Vous êtes bien mignons les POUNDER, mais inutile de casser le monde, je pense qu’il s’en charge très bien tout seul, enfin, plus précisément, avec un sacré coup de main des industriels et des surconsommateurs. Néanmoins, votre stratégie de pression sur la planète d’un point de vue musical n’est pas dénuée de sens, et répond même aux attentes les plus exigeantes des addicts old-school du monde entier. Mais cela, nous le savions déjà, puisque vous aviez eu la gentillesse de nous exposer votre programme il y a deux ans avec votre EP introductif Faster than Fire, avant de le confirmer dans un discours un peu plus long via Uncivilized, qui montrait contrairement à son nom que vous étiez des gens éduqués, et poliment Heavy Metal. Et c’est avec plaisir que nous introduisons l’année 2021 avec votre second long, en espérant que cette année soit moins chaotique et qu’elle vous permette de renouer avec la scène, votre terrain de prédilection. Réjouissez-vous donc amateurs de Heavy Metal US franc du collier et mélodique, vos héros reviennent avec leur concept passéiste, mais qui sait toutefois se mettre plus en avant au vent de l’air du temps. Pour les étourdis, je rappelle que POUNDER est tout sauf un groupe de nouveaux-venus, de seconds couteaux ou de bleusailles peu rompues à l’exercice du maniement de la guitare, puisque le trio se compose de figures très connues de l’underground. On retrouve donc au line-up les trois têtes pensantes, Matt Harvey au chant et à la guitare (EXHUMED, GRUESOME, et EXPULSION), Alejandro Corredor à la basse (NAUSEA LA, VALLENFYRE) et Tom Draper à la guitare (CARCASS, ex-ANGEL WITCH, CROWNING GLORY), des instrumentistes au passif chargé et au CV probant, qui abandonnent leurs prétentions de violence pour se concentrer sur une forme de NWOAHM. Et puisque j’avais dit le plus grand bien d’Uncivilized il y a un peu plus d’un an, je vais récidiver avec Breaking the World qui pourtant joue les pingres.

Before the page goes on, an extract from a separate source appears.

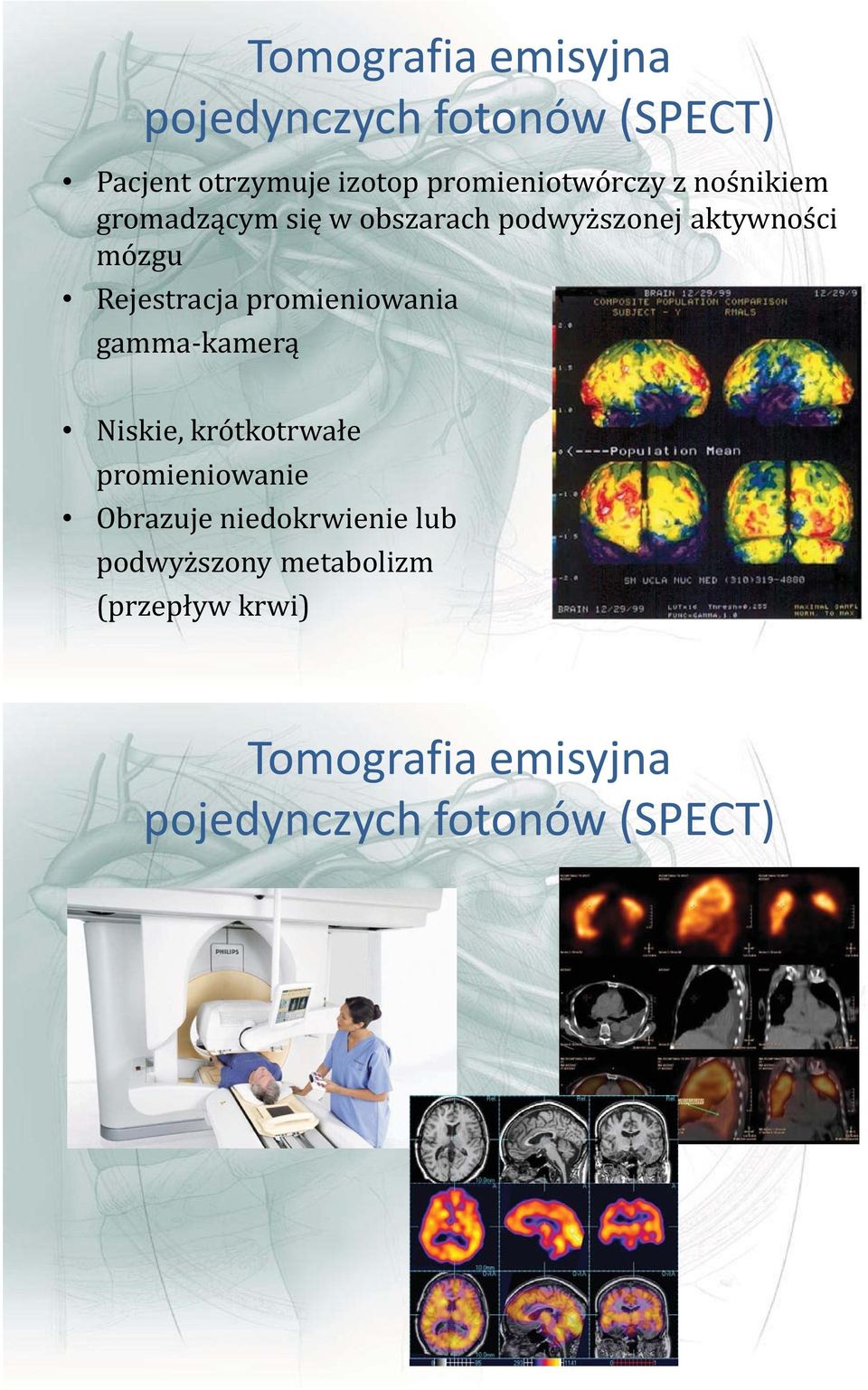 Rejestracja promieniowania gamma-kamerą Niskie, krótkotrwałe promieniowanie Obrazuje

Car si Uncivilized respectait les codes en vigueur dans les eighties avec ses quarante-deux minutes de musique, Breaking the World s’adapte à l’underground des années 2010, et lâche huit minutes en route pour à peine dépasser la demi-heure. Je peux comprendre ce besoin de concision, mais lorsqu’on écoute les sept compositions de ce second long, on regrette amèrement que le timing ait été réduit à ce point. Dix minutes supplémentaires n’auraient pas été de trop, face à la qualité de ces chansons qui relèguent Uncivilized au rang de brouillon sympathique, mais méchamment perfectible. Toujours à cheval entre Heavy poilu, Power ténu, Hard chenu et AOR tendu, les américains nous ont soignés aux petits oignons, atteignant même la quintessence de leur crossover sur un morceau aussi tubesque que « Give Me Rock », archétype du hit Hard n’Heavy des années 80. Mais l’art des californiens est justement de jouer les caméléons, et de sauter du clou au patch, sans donner la sensation de recycler d’anciens hymnes empruntés aux plus grands. Mettant leur expérience au service d’une nostalgie effective, le trio se permet de toiser du regard les miraculeux HAUNT, et même l’avant-garde suédoise la plus rompue à l’exercice avec ces trente-quatre petites minutes, bien plus lourdes dans la balance que nombre d’efforts récents.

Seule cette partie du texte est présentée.